La « barrière des revenus »
Depuis les élections générales d’octobre dernier, la question du rehaussement des seuils de revenus annuels pour le paiement de l’impôt sur le revenu et des primes d’assurance sociale a été discutée à maintes reprises. Il s’agit d’encourager une plus grande participation des femmes à la vie active. Selon le système actuel, l’épouse d’un employé permanent d’une entreprise ou du gouvernement est couverte par la pension nationale en tant que « personne assurée de catégorie 3 ». Condition sine qua non : elle ne doit pas gagner plus de 1,3 million de yens par an (environ 8 000 euros). Elle peut ainsi percevoir des prestations de retraite au moment de l’âge de la retraite sans avoir à cotiser au système. Cependant, dans le cas d’un revenu annuel supérieur à 1,3 million de yens, elle doit cotiser entraînant de ce fait une baisse de son revenu après impôt. Pour éviter cela, nombreuses sont les femmes qui limitent délibérément le nombre de leurs heures de travail, se cantonnant à des emplois à temps partiel peu rémunérés.
Pour Wada Shizuka, ce débat ne devrait pas exister.
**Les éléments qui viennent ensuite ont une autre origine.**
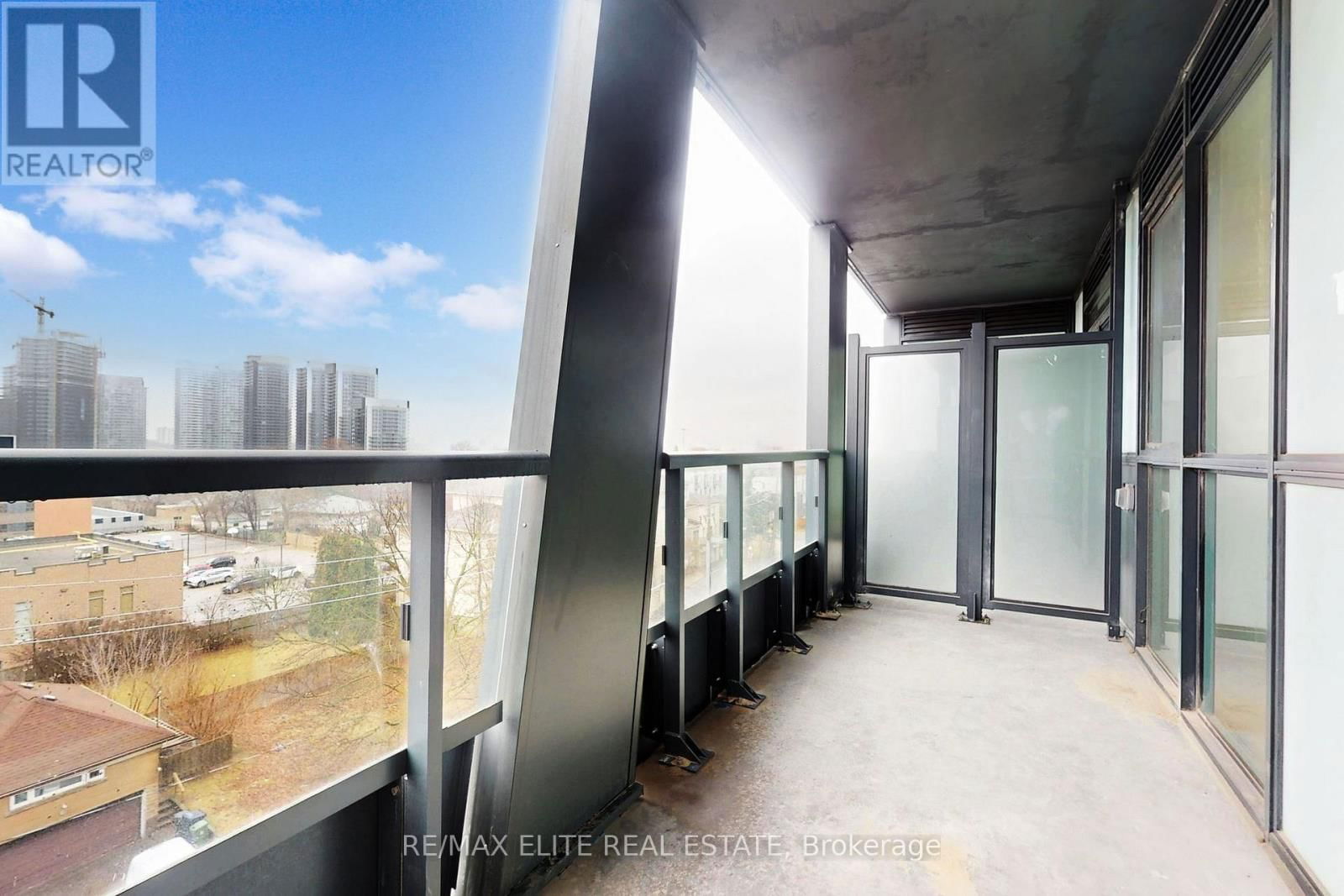 620 - 625 SHEPPARD AVENUE EAST Image 19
« Je comprends, dit-elle. Les gens ont des difficultés, donc ils voient à court terme et donnent la priorité à leur revenu net, après déduction des impôts, plutôt qu’à long terme, sans penser aux avantages dont ils pourront bénéficier vingt ou trente ans plus tard. Mais réfléchissez deux secondes. Le système tout entier d’exonération des cotisations de retraite pour les personnes de la « catégorie 3 » a pour but de maintenir une division du travail fondée sur le sexe, obligeant de nombreuses épouses à se contenter d’emplois à temps partiel mal rémunérés en complément des revenus de leurs maris. Les femmes qui ne sont pas dans cette situation ne bénéficient pas du système, et elles ont tendance à voir d’un mauvais œil les femmes au foyer qui en bénéficient. Ce système actuel est donc à l’origine de divisions entre les femmes ».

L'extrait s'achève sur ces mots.